ABDEL-KAFI v. CITICORP MORTG., INC., 98-CV-1787.

Decision Date03 May 2001
Docket NumberNo. 98-CV-1787.,98-CV-1787.
Citation772 A.2d 802
PartiesMohammed ABDEL-KAFI, Appellant, v. CITICORP MORTGAGE, INC., Appellee.
CourtD.C. Court of Appeals

Bernard A. Gray, Sr., Washington, DC, for appellant.

Mitchell B. Weitzman, Washington, DC, for appellee.

Before WAGNER, Chief Judge, and STEADMAN and REID, Associate Judges.

STEADMAN, Associate Judge:

Appellant defaulted on a loan secured by a deed of trust on a condominium apartment at 2301 Connecticut Avenue, N.W. (Unit # 8A). Appellee (the "Lender")1 held a foreclosure sale and successfully bid on the property. It then brought an action in the Landlord and Tenant branch to evict appellant from the property. Appellant appeals the grant of judgment of possession to the Lender. He asserts that the foreclosure sale was invalid because the notice of foreclosure: 1) was not sent to the proper address; and, 2) contained the wrong date as of which the cure amount was calculated. We agree with appellant's first argument.2 D.C.Code § 45-715(b) provides that no foreclosure sale under a deed of trust "may take place" unless notice of the sale is given to the owner of the encumbered property "at his last known address." In addition to information concerning the sale, the notice in the case of a residential mortgage must include the amount required to cure the default, Bank-Fund Staff Fed. Credit Union v. Cuellar, 639 A.2d 561, 568-69 (D.C.1994), and the mortgage debtor may reinstate the loan at any time prior to five days before the foreclosure sale, see § 45-715.1. See also P. Pearlstein, REAL ESTATE PRACTICE IN THE DISTRICT OF COLUMBIA, MARYLAND AND VIRGINIA, Vol. I, at 5-17 to 5-18 (May 1995).
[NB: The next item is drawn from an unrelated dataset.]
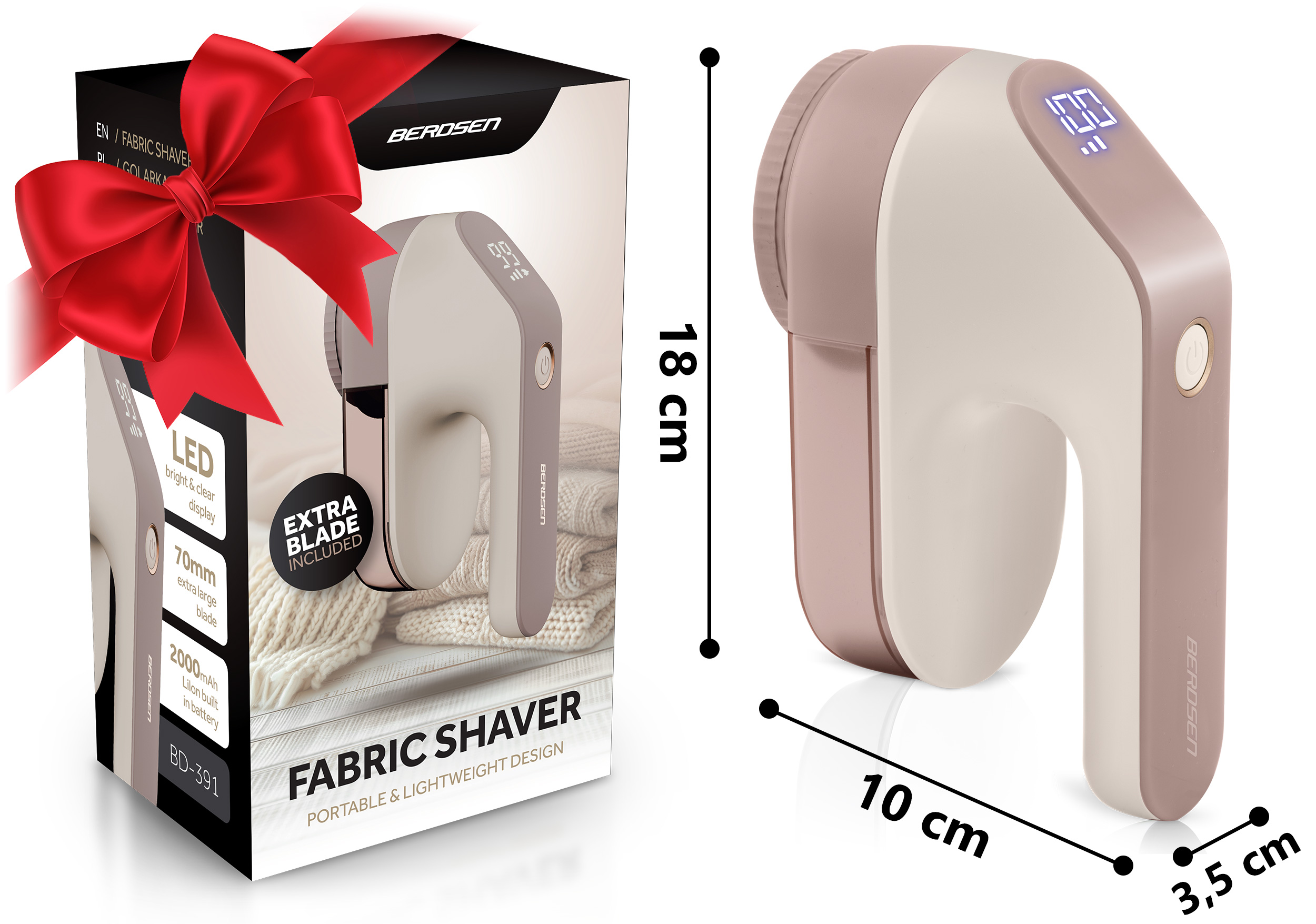 Golarka do tkanin z pudełkiem prezentowym i pokazanymi wymiarami.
In the case before us, the Lender sent the notice of foreclosure, dated May 15, 1997, to appellant at the property address on Connecticut Avenue.3 However, at trial, appellant introduced a copy of a letter dated April 21, 1997, sent to the Lender at 1775 Pennsylvania Avenue, N.W., Washington, D.C. 20006, informing the Lender that appellant's address was 4265 Chamoune Street, No. 8, San Diego, CA 92115. This was in conformance with paragraph 14 of the deed of trust,4 which provided:

14. Notices. Any notice to Borrower provided for in this Security Instrument shall be given by delivering it or by mailing it by first class mail unless applicable law requires use of another method. The notice shall be directed to the Property Address or any other address Borrower designates by notice to Lender. Any notice to Lender shall be given by first class mail to Lender's address stated herein, or any other address Lender designates by notice to Borrower. Any notice provided for in this Security Instrument shall be deemed to have been given to Borrower or Lender when given as provided in this paragraph.
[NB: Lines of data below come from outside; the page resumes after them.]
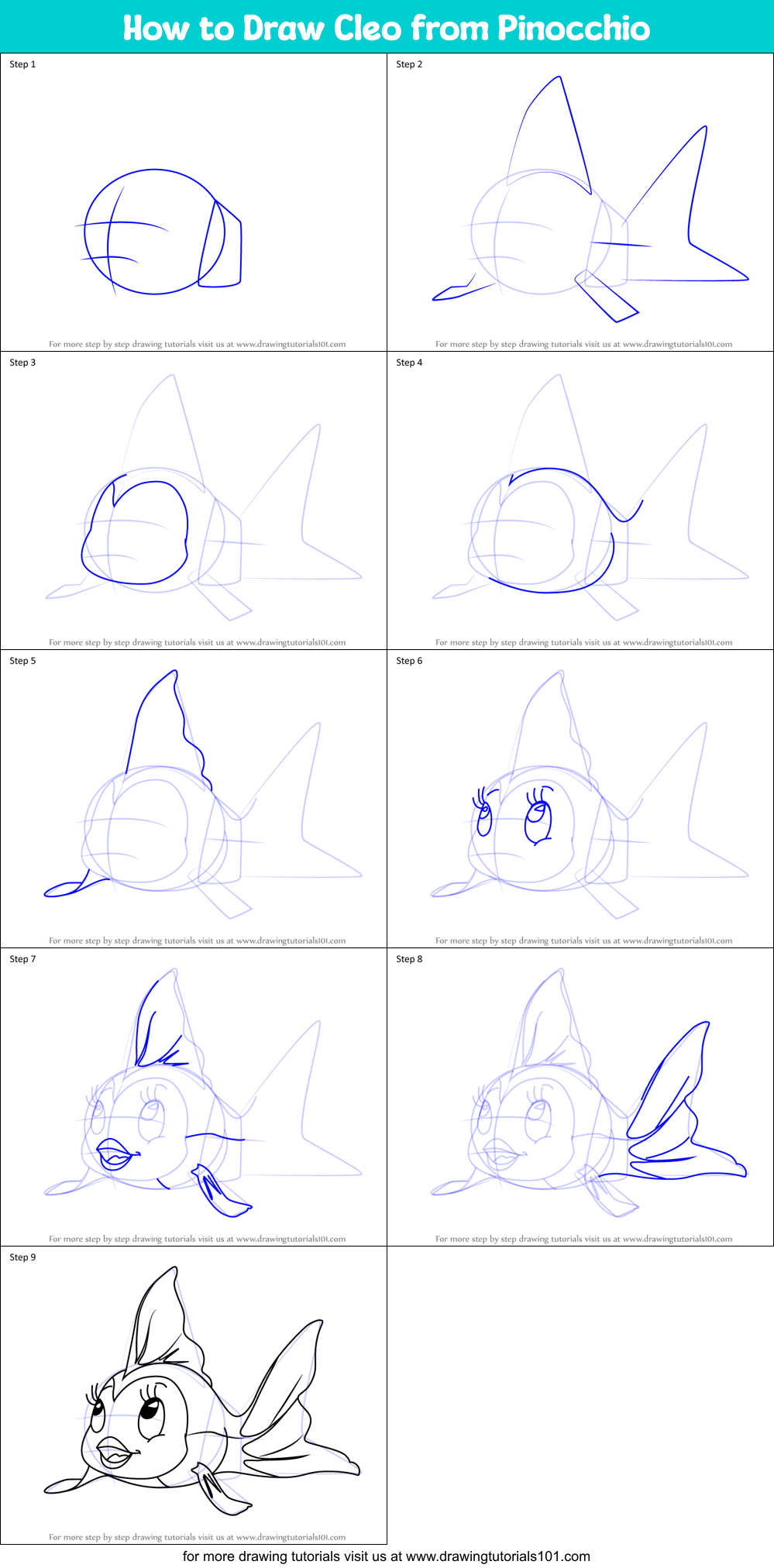 How to Draw Cleo from Pinocchio Printable Step by Step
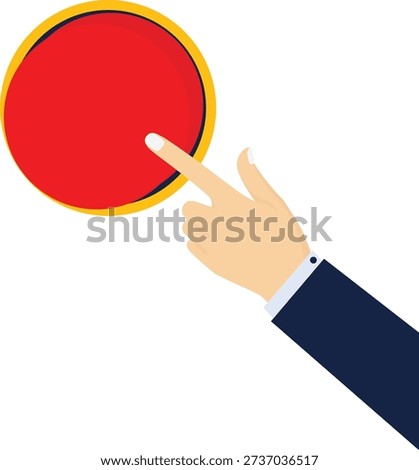 Hand press button finger press icon on white background. Finger control start up hands push button pointer cursor. Target gesture internet human hand push button touch concept one click.

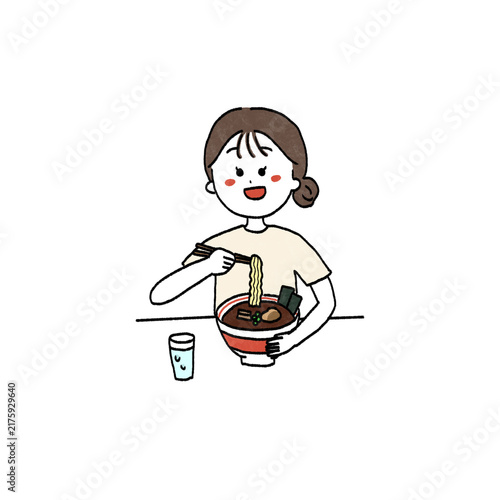 ラーメンを食べる女の子のイラスト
(Emphasis added.) The deed of trust gave the Lender's address as 1775 Pennsylvania Ave. N.W., Washington, D.C. 20006, and the trial court said that it had "no particular reason to believe that he did not" send the notice as he had testified.

Nonetheless, the trial court agreed with the Lender's argument that the notice of foreclosure was properly sent when directed only to the Connecticut Avenue address. First, the Lender argued that the change of address notice itself had been sent to the wrong address. It introduced evidence of correspondence between it and appellant concerning the loan and its default which had been between appellant at the Connecticut Avenue address and the Lender at an address in Ballwin, Missouri. It also noted that a form of mortgage statement given to appellant constituted notice of a change of address. We do not think either of these is sufficient to invalidate appellant's formal compliance with the express terms of the deed of trust. The form of mortgage statement lists no less than six different addresses for the Lender, depending upon the nature of the business, and nowhere suggests that it supersedes all other addresses. By the same token, correspondence with the Lender at one address cannot, it seems to us, suffice to constitute the "other address Lender designates by notice to Borrower," as formally required by the security instrument.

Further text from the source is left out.